In the 30-person bracket of his weight class, Dean claimed three straight victories in the consolation bracket—each by decisions. Dean rounded out his third and final victory against EIWA opponent Kevin Parker of Princeton with a strong 5-2 decision.

The co-captain's initial loss came in his first match of the weekend as he squared up against the number four ranked Jordan Ellingwood of Central Michigan. The senior fell in a 16-4 major decision to Ellingwood who, at the end of the second day, claimed bronze.

Johnson faced a trek through the winner’s bracket portion of the 174-pound weight class. The defending National Championships qualifier, ranked number eight in his group, claimed an easy bye victory before downing Eastern Michigan’s Andrew McNally. Another decision, this time 7-2, propelled Johnson past the round of 16 and into the quarterfinals.

In this fourth round, Johnson faced the number one seeded Zahid Valencia of Arizona State. Valencia reached the quarterfinals with falls in every one of his prior match ups—Johnson ruined the streak. The co-captain lost the bout to the eventual tournament champion in a 20-7 major decision. Johnson then lost in the following matchup against Indiana’s Devin Skatzka in the consolation bracket.

The only other Harvard wrestler to advance to the round of 16 was Hellickson. On the shoulders of a first round bye, the Des Moines, Iowa, native knocked out Lehigh’s Matt Parker in 5-1 decision to advance to the third round.

“I had a decent performance, but I hold myself to a high standard and that wasn’t met this weekend,” Hellickson said. “Getting a win to start the day was big and I feel I wrestled well through that match, but I need to carry that forward and build momentum through the tournament.”

In the round of 16, the junior squared up against the bracket’s number three ranked Ronnie Bresser of Oregon State. Bresser defeated Hellickson and finished the tournament with a silver medal.

“Losing my last match on a last second takedown was pretty disappointing and took away an opportunity to string together some quality wins,” Hellickson said. “But I can learn and build from it and carry that forward to the next couple months of competition.”

Exempting byes, the only other wins came from Stormer, sophomore A.J. Jaffe, and freshman Brock Wilson.

“It’s probably the second toughest tournament behind the Cliff Keen Tournament,” Stormer said. “There are a lot of regional opponents there, and a lot of really good schools. It’s not the performance we expect of ourselves and we’re always looking to get better.
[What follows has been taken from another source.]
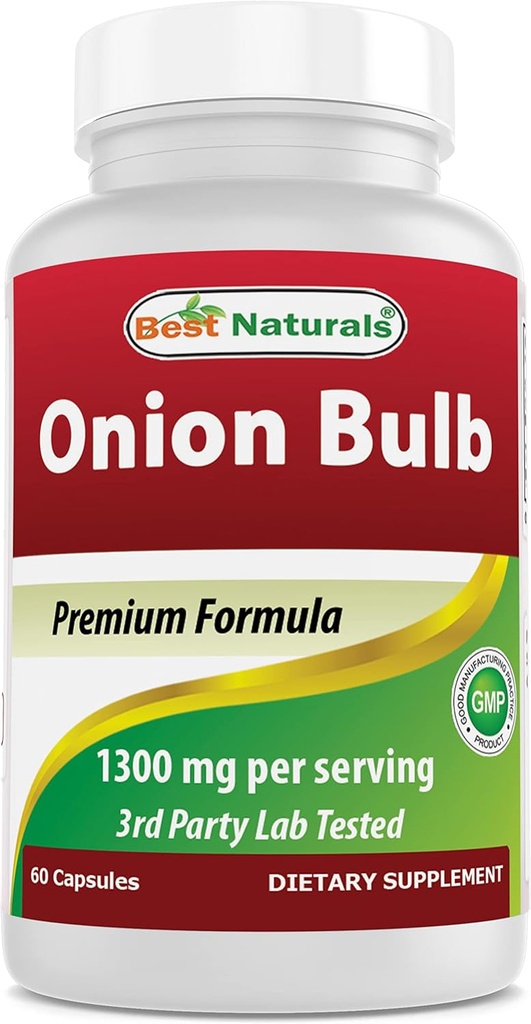 Mejores Naturales de cebolla Dried Bulb 1300mg por Serving - 60 cápsulas - También llamada (Alium Cepa)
We’ve just got to figure out how we come out ready to go in the future.”

The Crimson still has time to get where it wants to be. With three more events before the commencement of division play against Bucknell on Jan. 19, the team has nothing to do but focus on wrestling. Harvard will compete in the F&M; Open at Franklin & Marshall on Jan. 6.

“Being able to practice wrestling without having the pressures of school on top of you, it’s actually a pretty wonderful time,” Stormer said. “You’re really able to focus and make huge gains in the sport.”

With nothing else to do on a campus devoid of students, the team spends almost all of their time as a unit.

“It really brings us together as a team,” Stormer said. “Oftentimes we’ll play board games, just spend some quality with each other, really get a focus on wrestling and making good lifelong connections with each other. I think it’s really beneficial and it’s one of the highlights of my year.”